The Great Wall Street Facebook Panic is over. Now that it's finally showing material mobile ad revenue, Facebook is turning investor flames into friend requests; at least three investment banks have upgraded the social network to "buy" from "neutral" or "hold" and the stock is having its best day since its May debut, up 20 percent.
At the beginning of October, we laid out “the optimist’s case for buying and holding Facebook stock” and for a $141 billion valuation on the company, predicated on two key developments that came true in yesterday’s earnings report: acceleration in Facebook’s conventional display ad business, whose growth had been slowing, and a real mobile ad business. Facebook executives yesterday said mobile grew from 0 percent of ad revenue six months ago to 14 percent in the last quarter and that overall advertising revenue grew 36 percent, up from 28 percent in the year-ago period, reversing a lengthy deceleration.
Of course, there is still a very long way to go.

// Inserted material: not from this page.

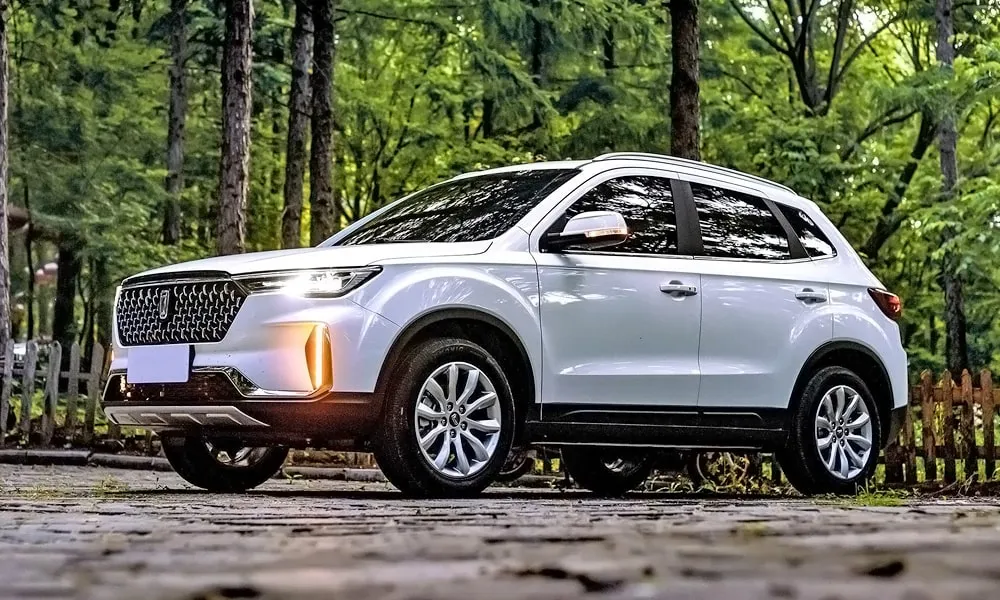 Фото FAW Besturn X40 (2024) — вид сбоку, фото 3. Профиль в белом цвете: соотношение колёсной базы и свесов. Длинная база — простор второго ряда; короткие свесы упрощают парковку FAW Besturn X40 (2024) — вид сбоку, фото 3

Facebook is at just under $24 per share, up from a September low of just under $18 but well off from the IPO price of $38. Facebook’s market cap is well under half of our optimist’s scenario because the company has yet to fulfill two other prerequisites to reaching $141 billion: showing that social advertising will be disruptive and that Facebook can launch and successfully monetize possible new businesses like full-blown e-commerce or search.
Even the incremental growth in Facebook's conventional display-ad business should be considered fragile. Unlike Google’s big magical money engine AdWords, a raft of different advertising types and other revenue sources (like payments) share credit for Facebook’s $4.8 billion in anticipated 2012 revenue; all are relatively young and any of them could falter, or begin cannibalizing the others (already, mobile ads are taking money from desktop ads, Facebook’s CFO says).
What Facebook established yesterday is not that it's unstoppable but that it's at least not in the process of withering and dying like MySpace or of becoming an absolute nonentity in a disruptive new sector like Microsoft. In other words, investors should remember that, ridiculous IPO pricing aside, Facebook not only throws off upwards of a billion dollars a year in actual profits, but it also still knows how to move quickly. And that agility is worth something. Around $10 billion, it looks like.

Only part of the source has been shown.